The name, price, and calories nodes all contain their own "text" child nodes. Each description node contains a CDATA child node. CDATA is a distinct node type. CDATA sections are used to escape blocks of text containing characters that would otherwise be regarded as markup, such as angle brackets. The only delimiter that is recognized in a CDATA section is the “]]>” string that ends the CDATA section.

<?xml version="1.0" encoding="UTF-8" ?>
<menu title="Breakfast Menu">
  <food>
     <name>Early Bird Breakfast</name> 
     <price>$3.95</price> 
     <description><![CDATA[<div style="color:purple; padding-left:25px;">Two eggs any style with your choice of bacon 
or sausage, toast or English muffin.</div>]]></description> 
     <calories>450</calories> 
  </food>

  <food>
     <name>Chocolate Chip Belgian Waffles</name> 
     <price>$7.95</price> 
     <description><![CDATA[<div style="color:purple; padding-left:25px;">Chocolate chip Belgian waffles covered with 
chocolate syrup and whipped cream.</div>]]></description> 
     <calories>900</calories> 
 </food>

     …
</menu>

The following sample gadget uses this XML file as a data source. It displays a breakfast menu and lets users set a calorie limit. It displays in red any calories that are above the specified limit. Users can also choose whether or not to display descriptions for each breakfast item.
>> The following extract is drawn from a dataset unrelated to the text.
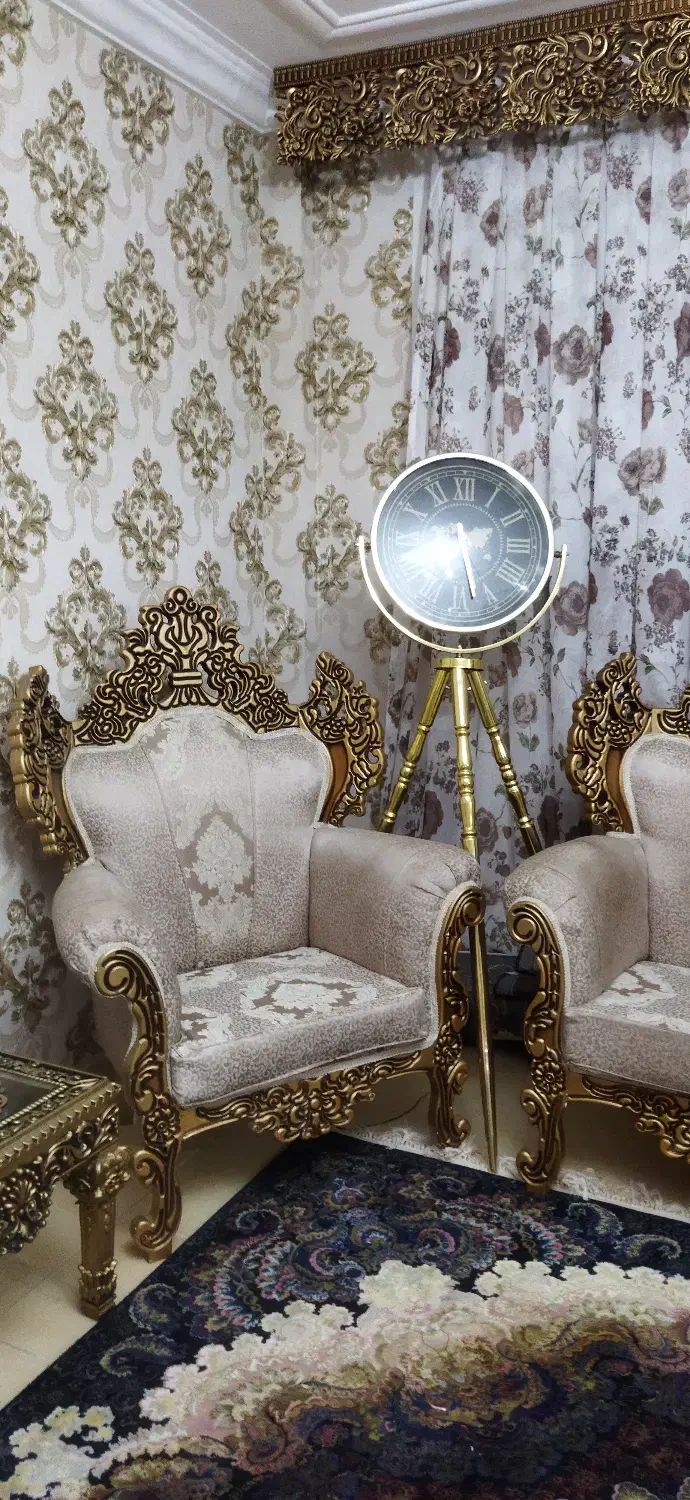 مبل سلطنتی ۷ نفره همراه با میزعسلی|مبلمان خانگی و میز عسلی|تربت جام, کلالی|دیوار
This gadget uses the _IG_FetchXmlContent() function to retrieve the breakfast XML file as a DOM tree. Like the _IG_FetchContent() function, _IG_FetchXmlContent() is asynchronous, meaning that it returns immediately and then calls the inner function later, when the fetch finishes. This means that you must put any dependent code inside the callback function, or inside functions called by the callback function. In the following example, all processing happens inside the callback function. Here is the gadget:

The following code illustrates how to walk the DOM tree to extract data from different node types, and how to combine the data with HTML and CSS markup for display in the breakfast menu gadget.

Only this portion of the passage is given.